Start of INPUT

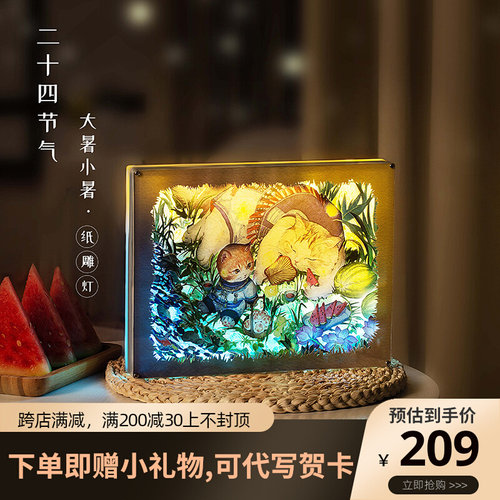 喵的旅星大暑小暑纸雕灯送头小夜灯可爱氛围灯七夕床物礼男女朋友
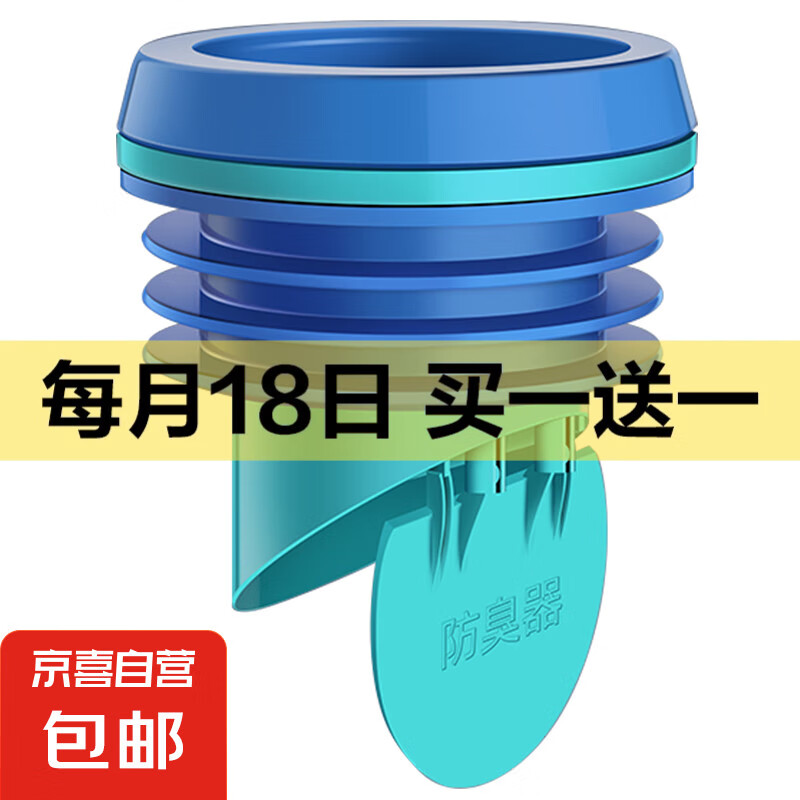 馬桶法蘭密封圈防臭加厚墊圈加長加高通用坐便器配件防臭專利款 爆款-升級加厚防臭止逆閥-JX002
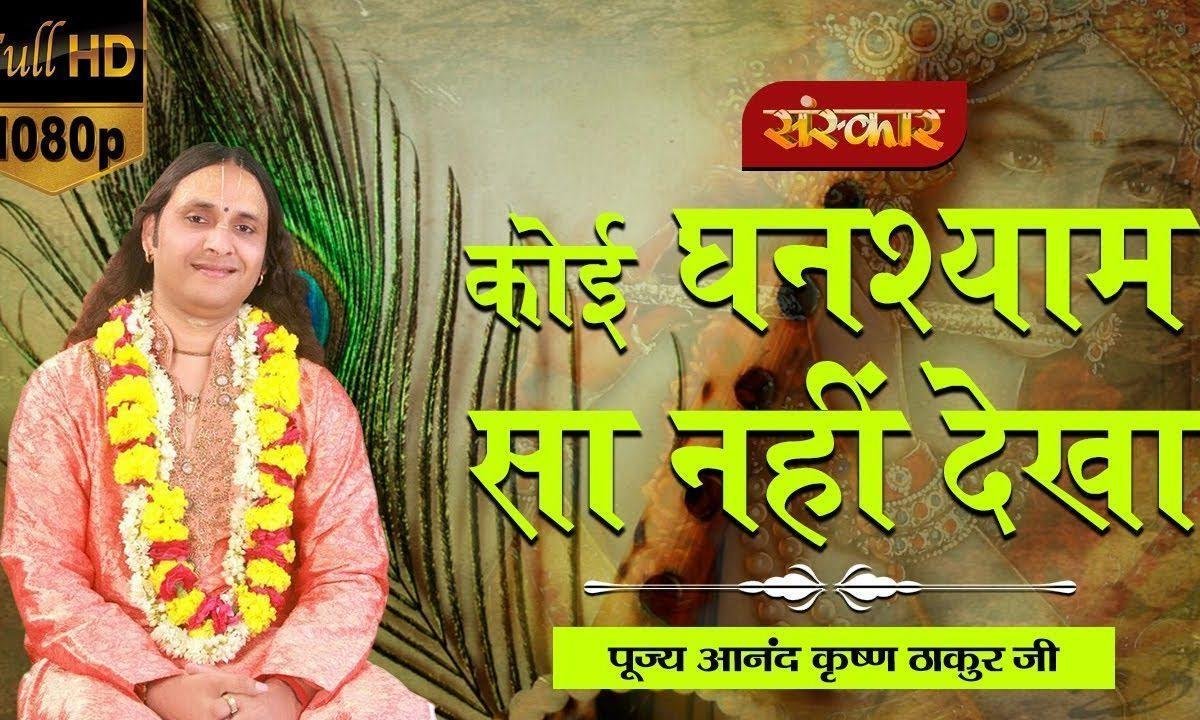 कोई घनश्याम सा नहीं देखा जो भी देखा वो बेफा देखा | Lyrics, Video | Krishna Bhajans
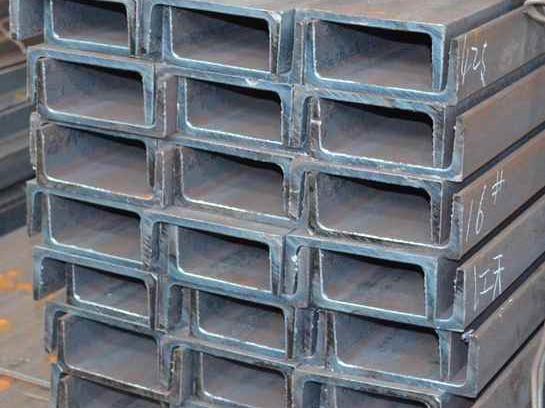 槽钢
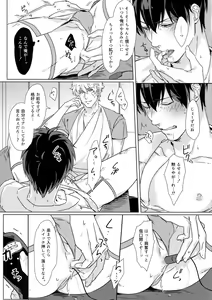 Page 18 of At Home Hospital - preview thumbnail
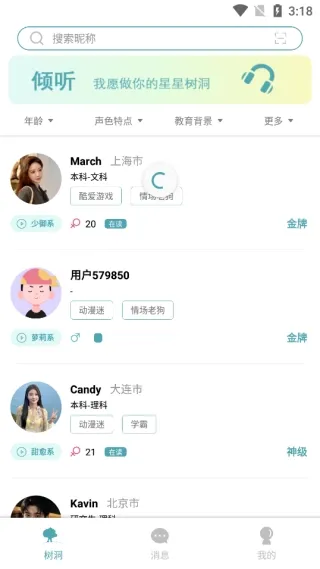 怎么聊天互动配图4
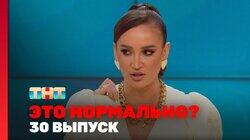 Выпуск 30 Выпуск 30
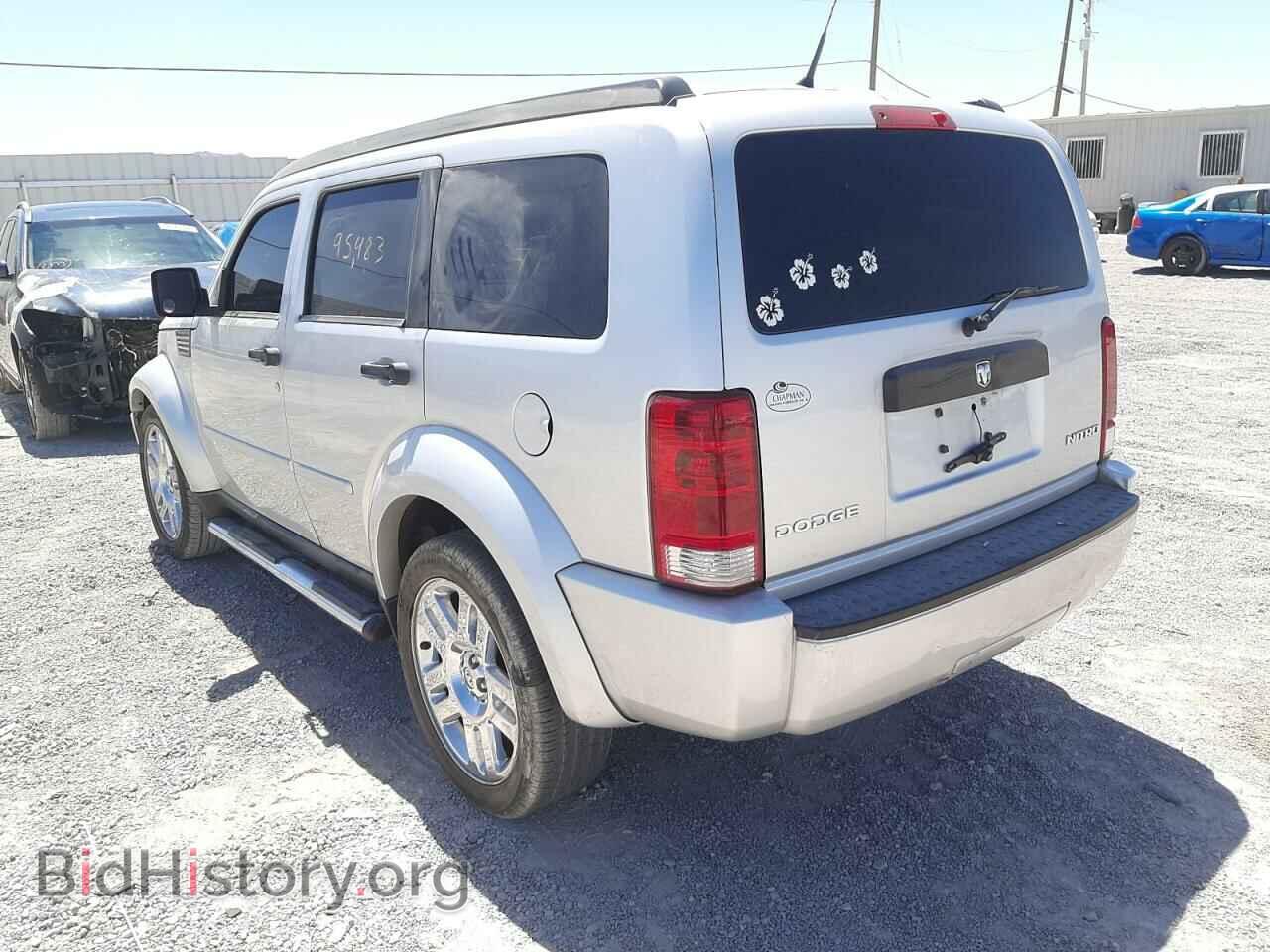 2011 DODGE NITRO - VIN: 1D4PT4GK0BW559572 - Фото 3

End of INPUT

• ACTIVITY
Every line from the one containing "馬桶法蘭密封圈防臭加厚墊圈加" through the end of the entries above is to be copied exactly; pictures are to be left out.

• WRITTEN ANSWER
 馬桶法蘭密封圈防臭加厚墊圈加長加高通用坐便器配件防臭專利款 爆款-升級加厚防臭止逆閥-JX002
 कोई घनश्याम सा नहीं देखा जो भी देखा वो बेफा देखा | Lyrics, Video | Krishna Bhajans
 槽钢
 Page 18 of At Home Hospital - preview thumbnail
 怎么聊天互动配图4
 Выпуск 30 Выпуск 30
 2011 DODGE NITRO - VIN: 1D4PT4GK0BW559572 - Фото 3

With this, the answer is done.